(DATA LISTING Opens)

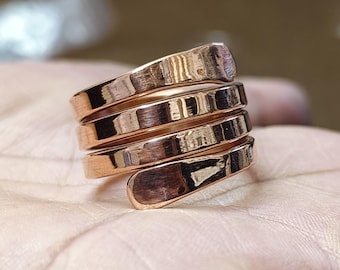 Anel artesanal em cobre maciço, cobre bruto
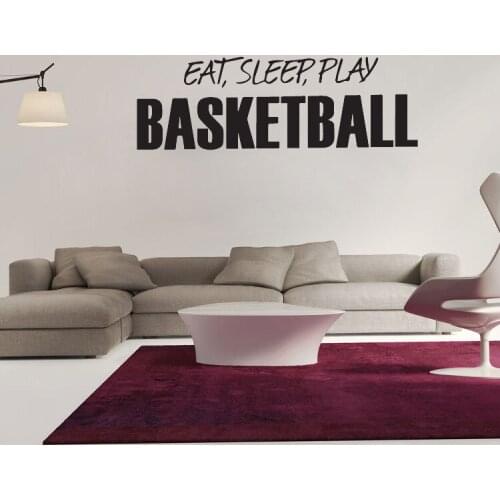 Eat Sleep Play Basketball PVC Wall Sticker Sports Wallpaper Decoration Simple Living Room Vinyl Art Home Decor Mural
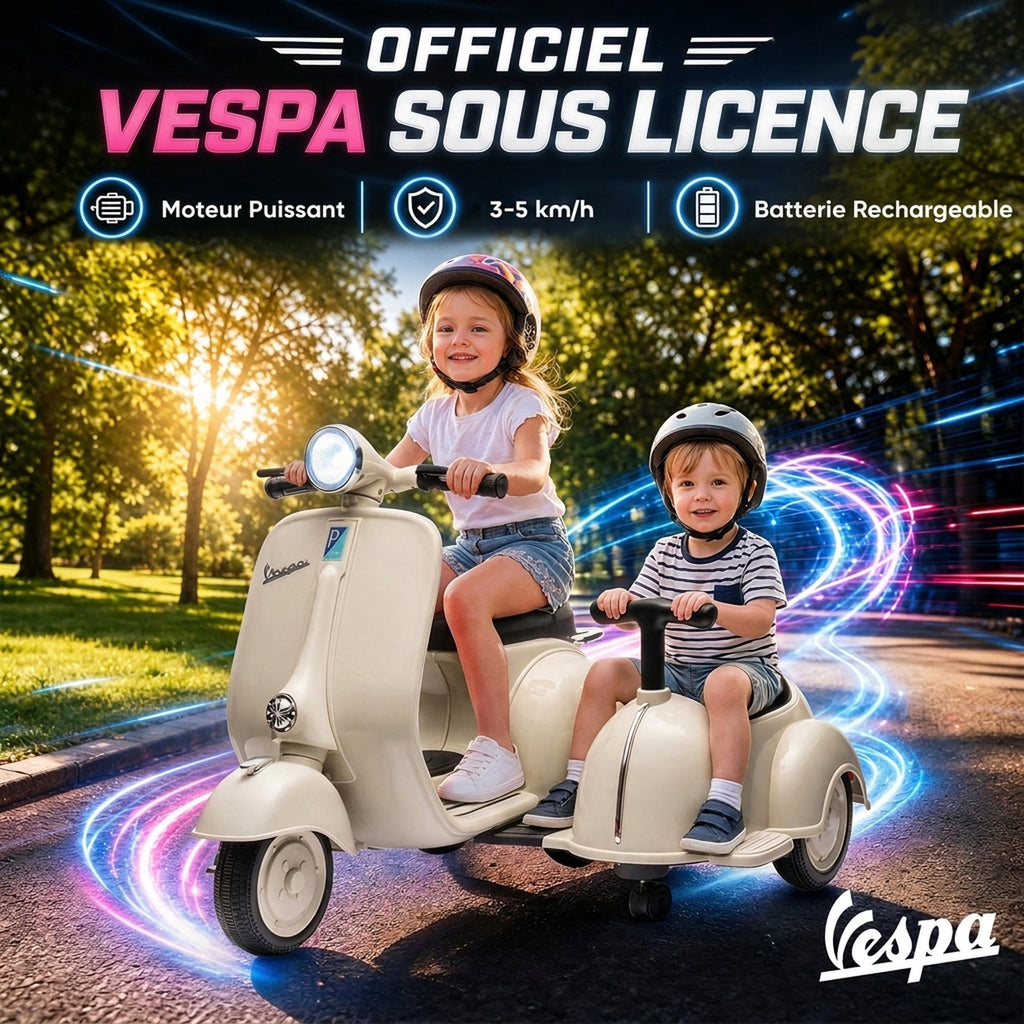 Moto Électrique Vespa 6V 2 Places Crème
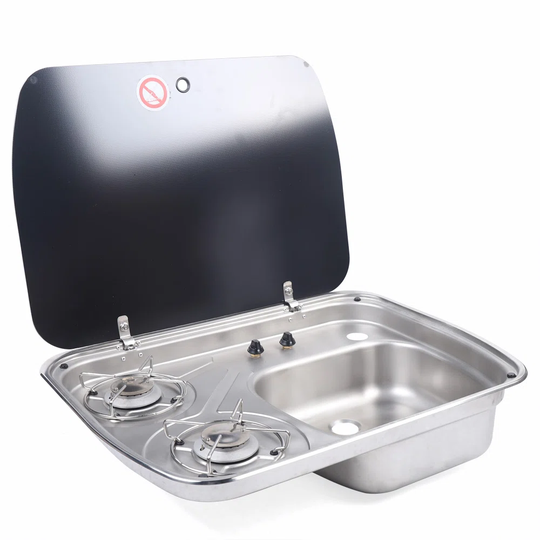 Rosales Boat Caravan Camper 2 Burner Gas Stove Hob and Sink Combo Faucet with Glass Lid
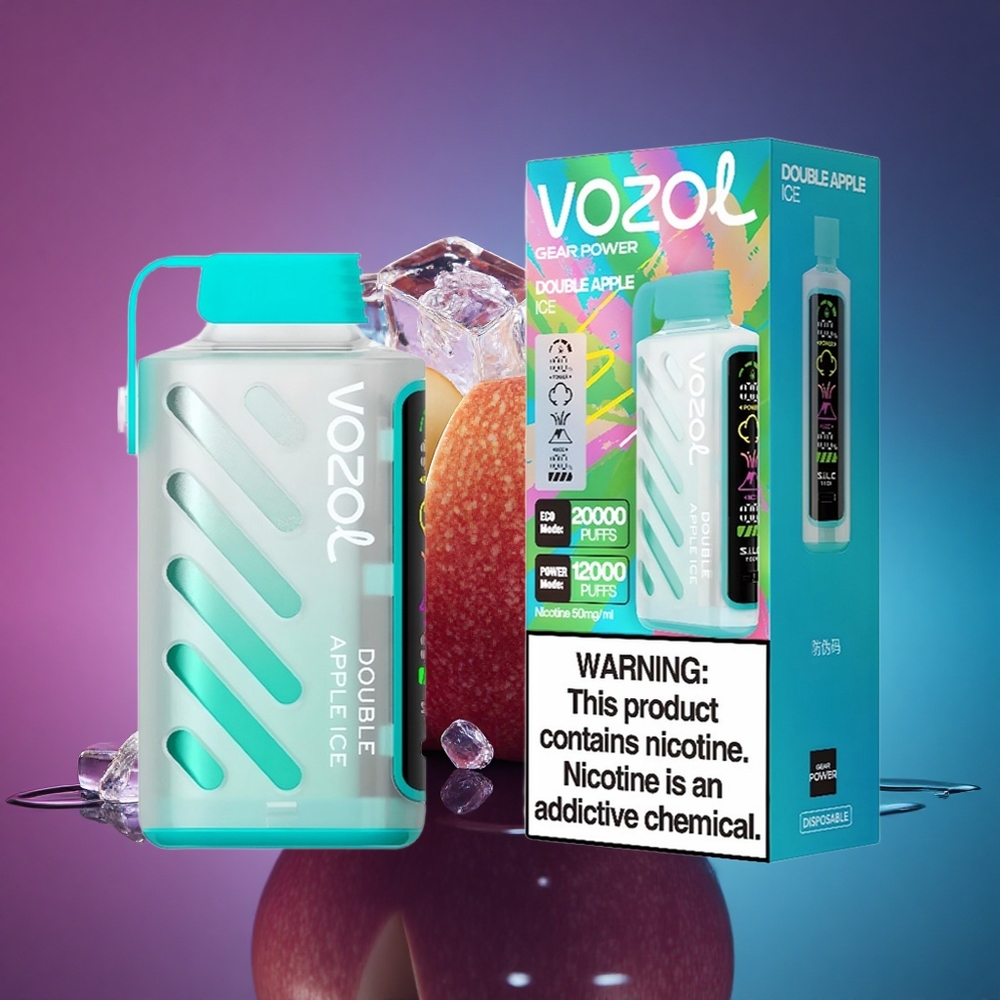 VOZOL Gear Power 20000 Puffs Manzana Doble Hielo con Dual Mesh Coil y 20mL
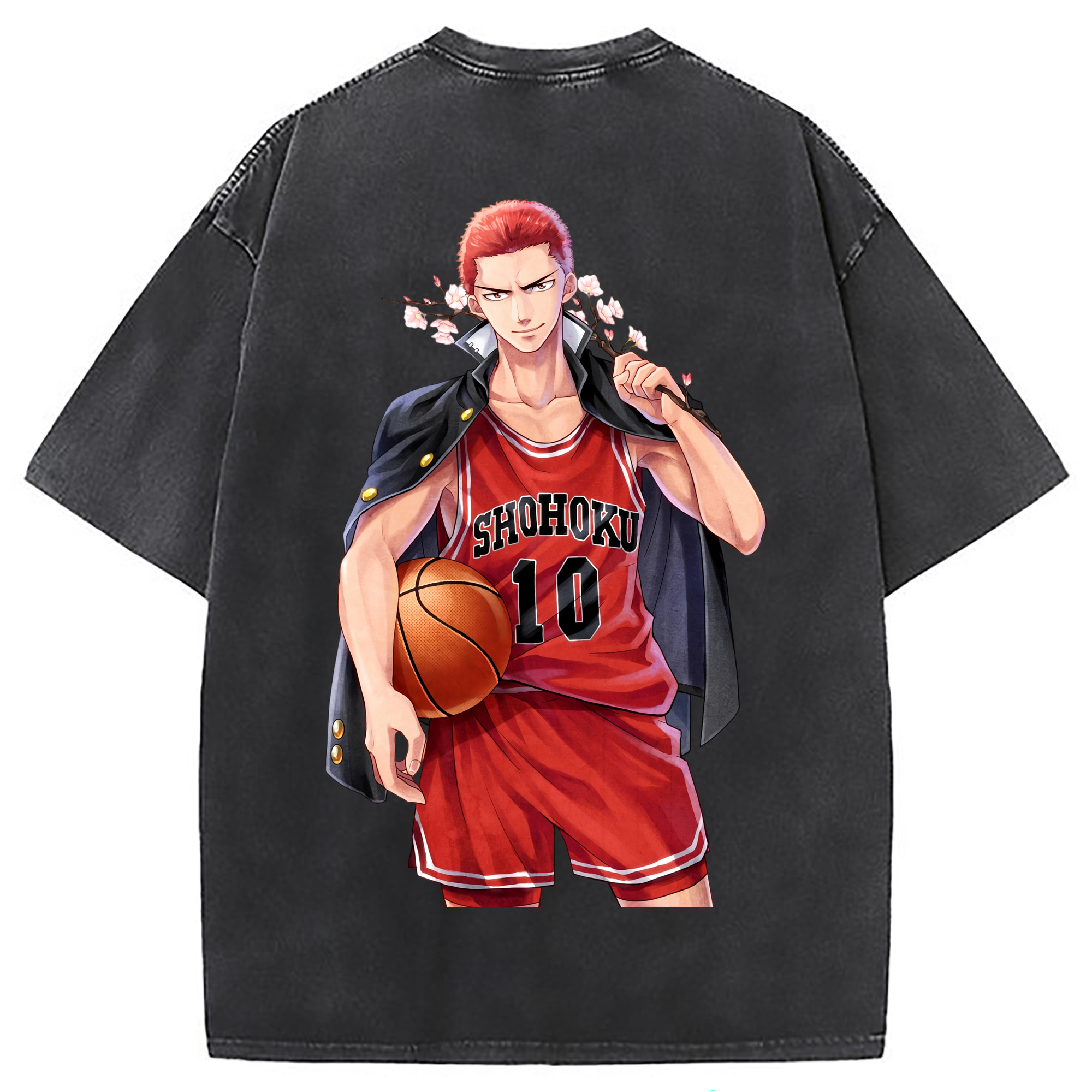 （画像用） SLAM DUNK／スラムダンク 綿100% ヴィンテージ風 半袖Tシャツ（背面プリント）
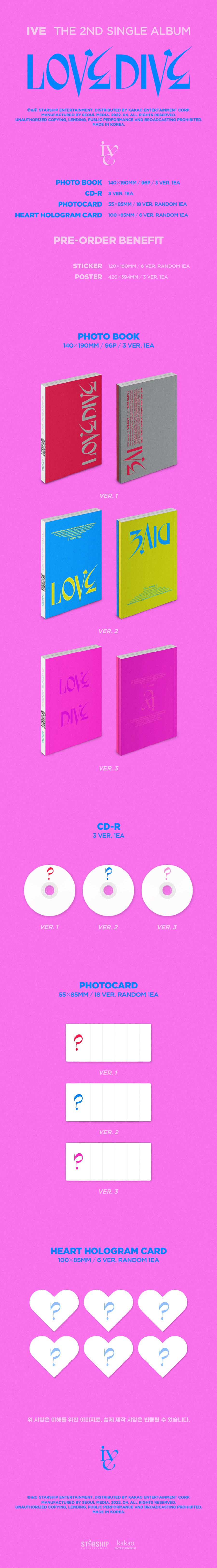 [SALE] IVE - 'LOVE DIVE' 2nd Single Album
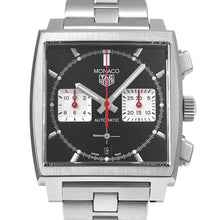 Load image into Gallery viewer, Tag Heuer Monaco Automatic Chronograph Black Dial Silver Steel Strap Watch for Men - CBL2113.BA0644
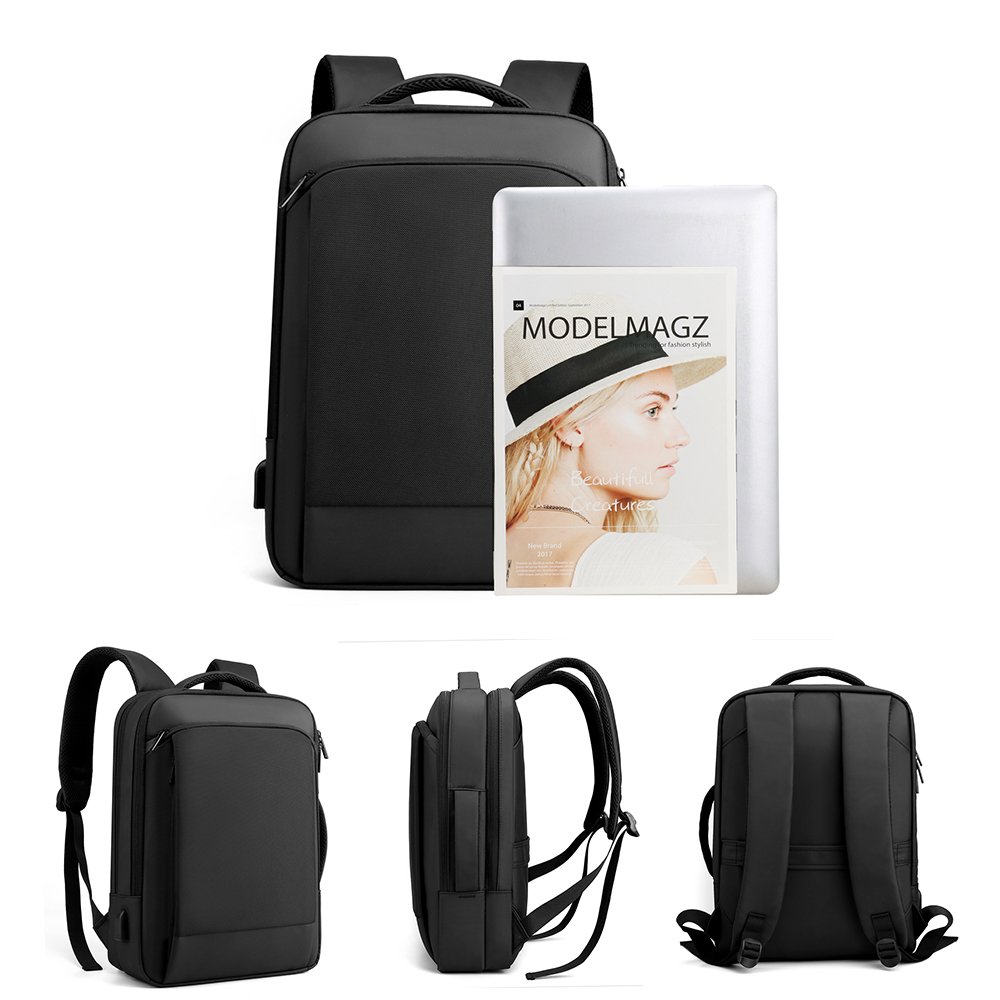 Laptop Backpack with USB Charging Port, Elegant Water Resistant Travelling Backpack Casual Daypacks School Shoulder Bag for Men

(DATA LISTING Closes)

# AIM OF THE TASK:
Reproduce the lines above, exactly and exclusively, from the line containing "VOZOL Gear Power" down to the last line, both included; pictures are not part of the copy.

# SOLUTION:
 VOZOL Gear Power 20000 Puffs Manzana Doble Hielo con Dual Mesh Coil y 20mL
 （画像用） SLAM DUNK／スラムダンク 綿100% ヴィンテージ風 半袖Tシャツ（背面プリント）
 [SALE] IVE - 'LOVE DIVE' 2nd Single Album
 Load image into Gallery viewer, Tag Heuer Monaco Automatic Chronograph Black Dial Silver Steel Strap Watch for Men - CBL2113.BA0644
 Laptop Backpack with USB Charging Port, Elegant Water Resistant Travelling Backpack Casual Daypacks School Shoulder Bag for Men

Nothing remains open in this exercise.